## TASK ITEM
When you reach the line that contains "E Class 220" below, transcribe it and each line after it word for word to the end of the records, omitting pictures.

(Captioned web image data)
= Beginning of Section =
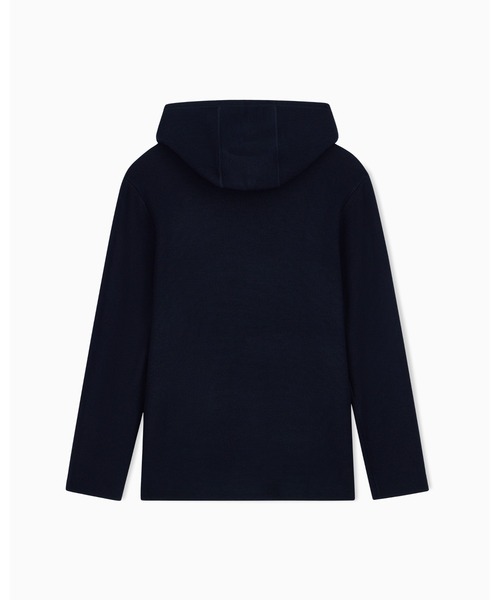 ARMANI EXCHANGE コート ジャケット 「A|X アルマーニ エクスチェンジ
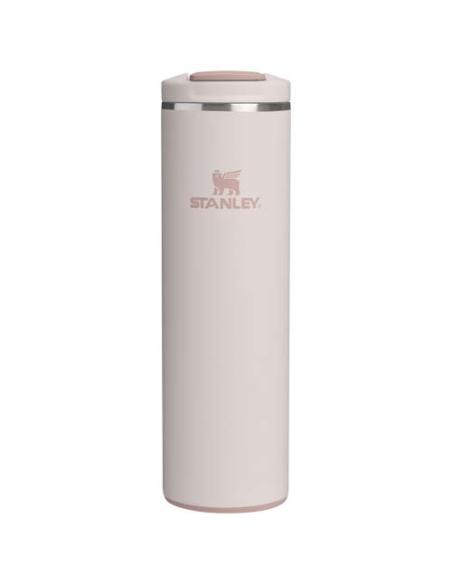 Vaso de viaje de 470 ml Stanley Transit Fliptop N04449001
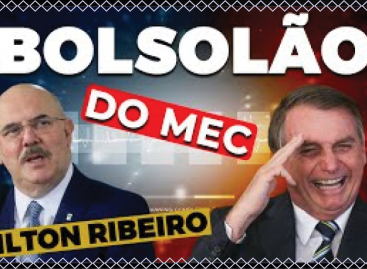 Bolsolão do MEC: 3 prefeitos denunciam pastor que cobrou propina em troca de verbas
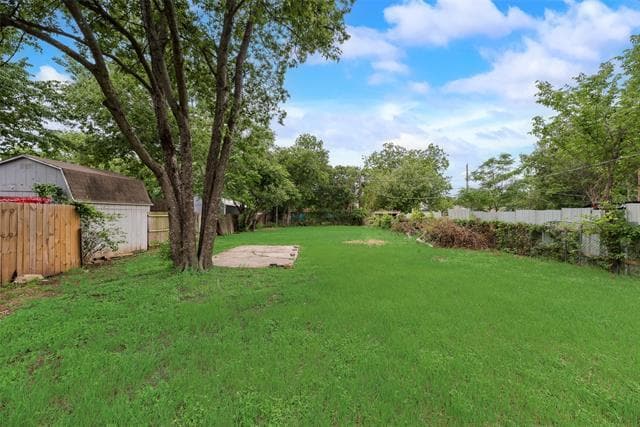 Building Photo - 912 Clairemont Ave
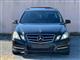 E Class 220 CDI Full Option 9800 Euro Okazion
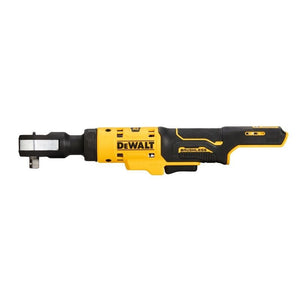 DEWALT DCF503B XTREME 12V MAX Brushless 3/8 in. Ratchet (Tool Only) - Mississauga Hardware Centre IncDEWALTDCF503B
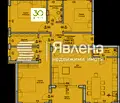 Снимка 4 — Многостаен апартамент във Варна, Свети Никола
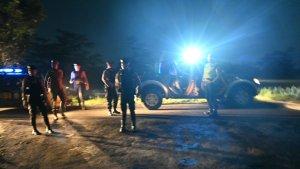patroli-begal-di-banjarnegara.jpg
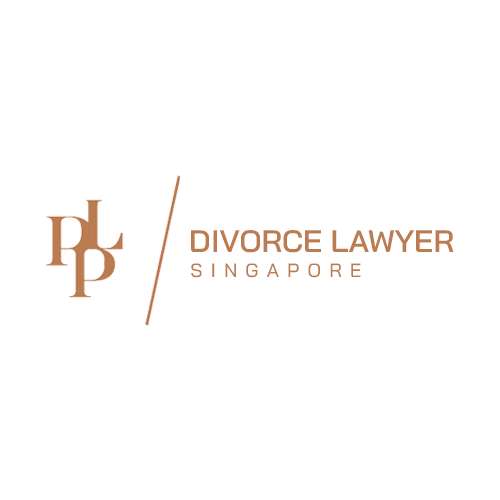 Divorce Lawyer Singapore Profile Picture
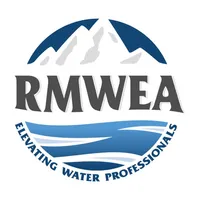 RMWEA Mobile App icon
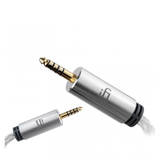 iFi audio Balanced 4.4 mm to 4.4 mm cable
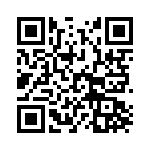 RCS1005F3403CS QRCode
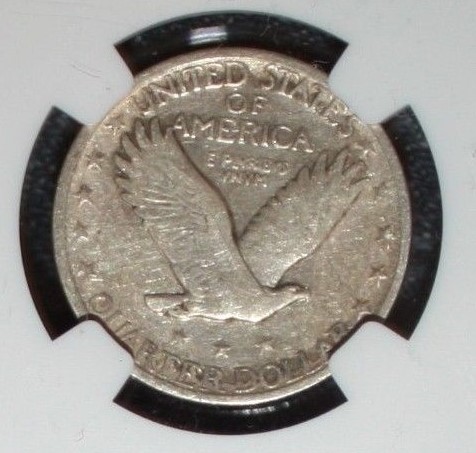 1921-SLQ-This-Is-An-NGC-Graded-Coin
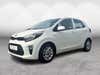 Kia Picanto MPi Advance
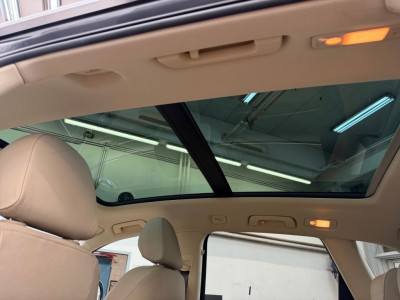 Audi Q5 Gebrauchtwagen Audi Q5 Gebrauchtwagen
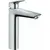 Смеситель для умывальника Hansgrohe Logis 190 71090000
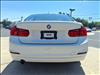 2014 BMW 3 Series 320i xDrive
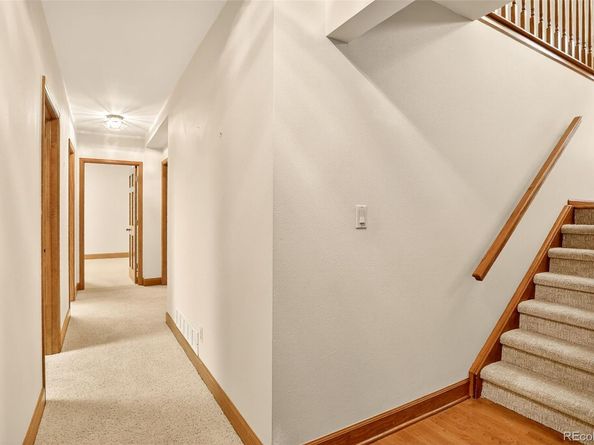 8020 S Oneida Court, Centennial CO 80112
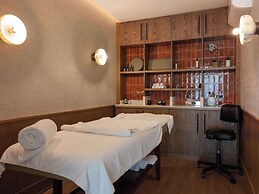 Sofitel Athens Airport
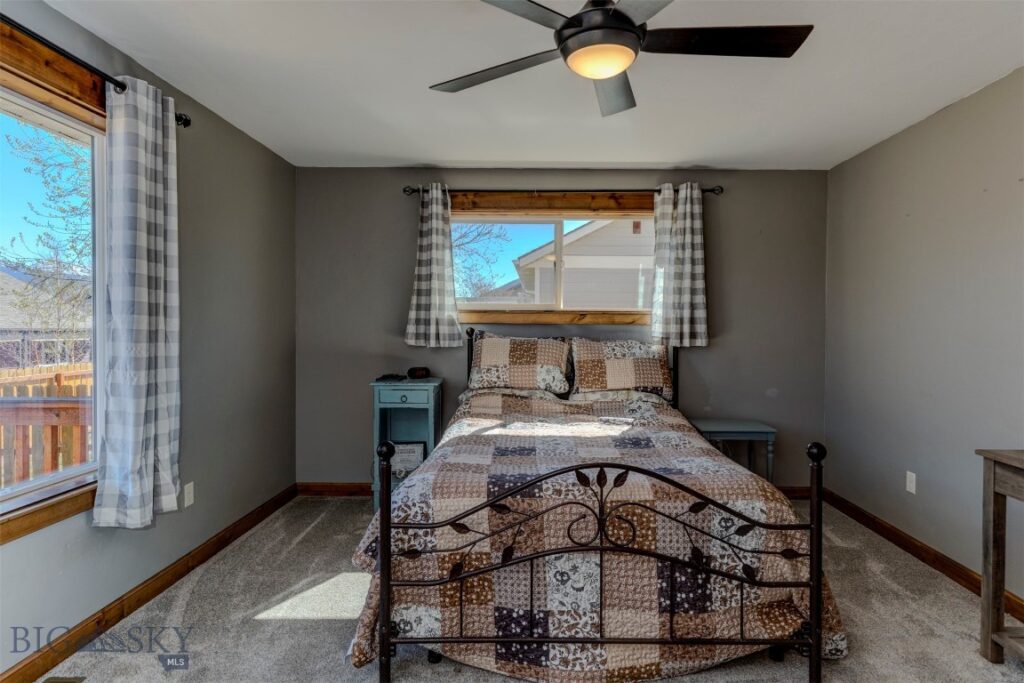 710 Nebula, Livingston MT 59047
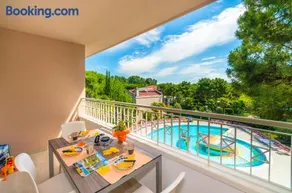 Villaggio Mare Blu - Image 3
= End of Section =
## WRITTEN SOLUTION
 E Class 220 CDI Full Option 9800 Euro Okazion
 DEWALT DCF503B XTREME 12V MAX Brushless 3/8 in. Ratchet (Tool Only) - Mississauga Hardware Centre IncDEWALTDCF503B
 Снимка 4 — Многостаен апартамент във Варна, Свети Никола
patroli-begal-di-banjarnegara.jpg
 Divorce Lawyer Singapore Profile Picture
 RMWEA Mobile App icon
 iFi audio Balanced 4.4 mm to 4.4 mm cable
 RCS1005F3403CS QRCode
 1921-SLQ-This-Is-An-NGC-Graded-Coin
 Kia Picanto MPi Advance
 Audi Q5 Gebrauchtwagen Audi Q5 Gebrauchtwagen
 Смеситель для умывальника Hansgrohe Logis 190 71090000
 2014 BMW 3 Series 320i xDrive
 8020 S Oneida Court, Centennial CO 80112
 Sofitel Athens Airport
 710 Nebula, Livingston MT 59047
 Villaggio Mare Blu - Image 3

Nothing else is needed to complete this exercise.